Lack of Priority Queuing Considered Harmful
We're in sore need of critical Internet infrastructure protection.
Vijay Gill, America Online
Most modern routers consist of several line cards that perform packet lookup and forwarding, all controlled by a control plane that acts as the brain of the router, performing essential tasks such as management functions, error reporting, control functions including route calculations, and adjacency maintenance. This control plane has many names; in this article it is the route processor, or RP. The route processor calculates the forwarding table and downloads it to the line cards using a control-plane bus. The line cards perform the actual packet lookup and forwarding. Although individual vendors or models may differ slightly in implementation, the salient points remain the same.
Service providers have observed an increase in DoS (denial of service) attacks targeted at the network infrastructure (routers, routing protocols, etc.).
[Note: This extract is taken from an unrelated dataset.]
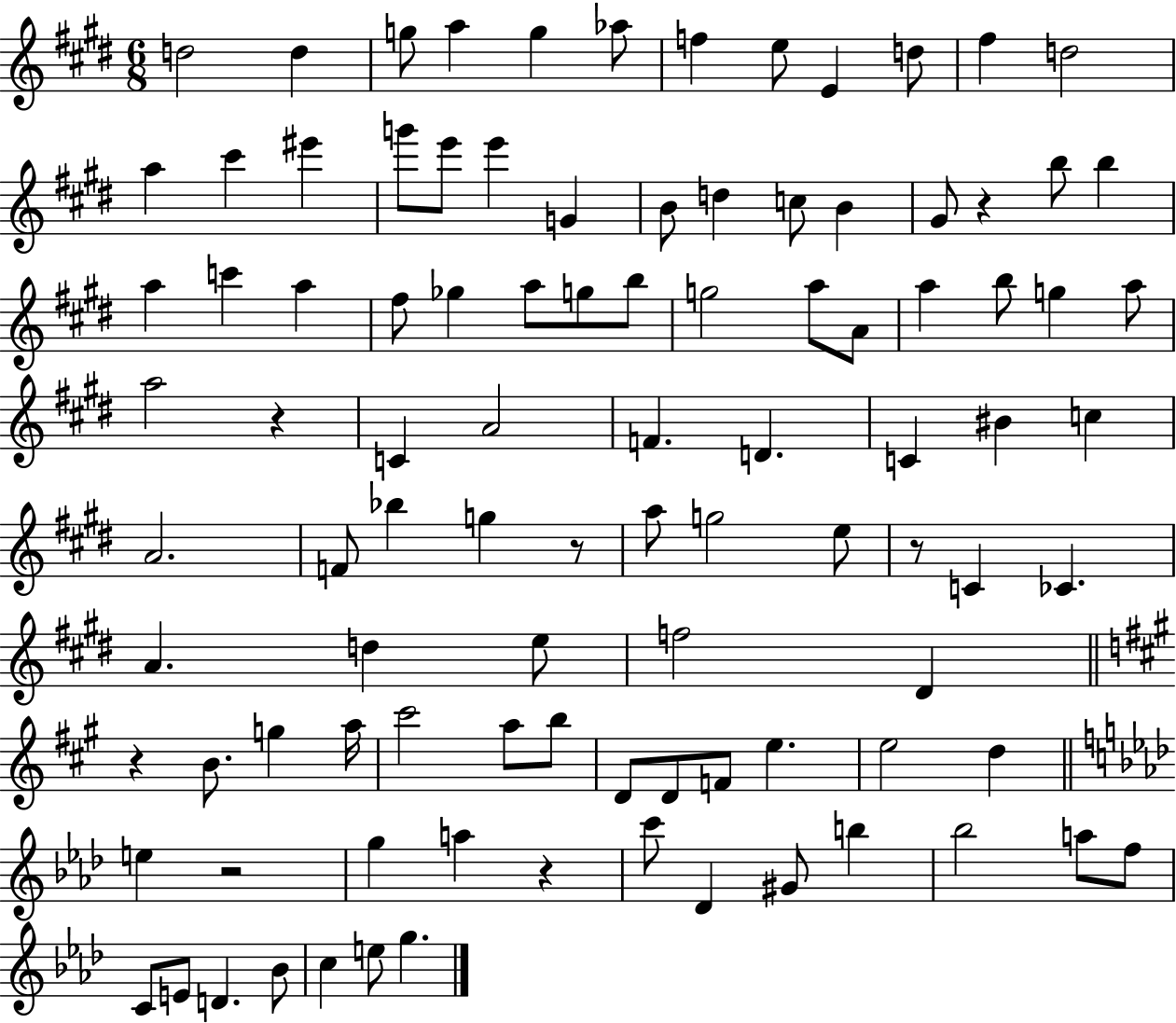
D5/h D5/q G5/e A5/q G5/q Ab5/e F5/q E5/e E4/q D5/e F#5/q D5/h A5/q C#6/q EIS6/q G6/e E6/e E6/q G4/q B4/e D5/q C5/e B4/q G#4/e R/q B5/e B5/q A5/q C6/q A5/q F#5/e Gb5/q A5/e G5/e B5/e G5/h A5/e A4/e A5/q B5/e G5/q A5/e A5/h R/q C4/q A4/h F4/q. D4/q. C4/q BIS4/q C5/q A4/h. F4/e Bb5/q G5/q R/e A5/e G5/h E5/e R/e C4/q CES4/q. A4/q. D5/q E5/e F5/h D#4/q R/q B4/e. G5/q A5/s C#6/h A5/e B5/e D4/e D4/e F4/e E5/q. E5/h D5/q E5/q R/h G5/q A5/q R/q C6/e Db4/q G#4/e B5/q Bb5/h A5/e F5/e C4/e E4/e D4/q. Bb4/e C5/q E5/e G5/q.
These attacks result in instability in the network and disruption of service (the route processor becomes overloaded, and the routing protocols start to flap, so the router no longer has a complete view of the universe; also, providers have seen cases where the switching fabrics become unstable—this should never happen in theory, but I have seen this on some equipment).
This article assumes some knowledge of DoS attacks (see http://www.ietf.org/rfc/rfc2827.txt for more information). There are many different types of DoS attacks, including the so-called “smurf” attacks, using aggregate traffic to overwhelm a single link, and “killer” packets that cause the routers to crash, as well as floods targeted at content hosts and servers for DNS (domain name system), etc.
Another class of packet consists of the so-called “Christmas tree” packets, which take advantage of the fact that most router-forwarding hardware is optimized for IP packets with no options. These Christmas tree packets consist of IP packets with several IP options set. Board space and cost constraints mean that most (not all) packet-forwarding hardware is designed for normal option-less IP packets and does not have enough processing power to deal with IP packets that have many options. As these packets pass through routers, the forwarding hardware will punt the packets to the route processor for further processing. This consumes route processor resources, as well as bandwidth on the internal control communication bus, starving legitimate control traffic and possibly causing routers to lose adjacencies and/or crash.
This article focuses only on infrastructure attacks that target the router control plane, as these are the hardest and most troublesome types of attacks and because they are almost impossible to address no matter how robust the hardware becomes. By definition, designing a cost-efficient router implies that the cross-sectional bandwidth capacity of a router will exceed the bandwidth of the control bus by several orders of magnitude, which makes the control bus especially vulnerable to attack.
Infrastructure attacks are particularly insidious and damaging to the network because routers are designed for moving packets from one interface to another; they are not optimized for dealing with large amounts of traffic that terminates or must be sourced from the router (route processors). Examples of traffic that must be sourced from the router include sending ICMP (Internet control message protocol) unreachable packets and generating IP fragments if the MTU (maximum transmission unit) of an outgoing link layer is smaller than the packet size destined for it.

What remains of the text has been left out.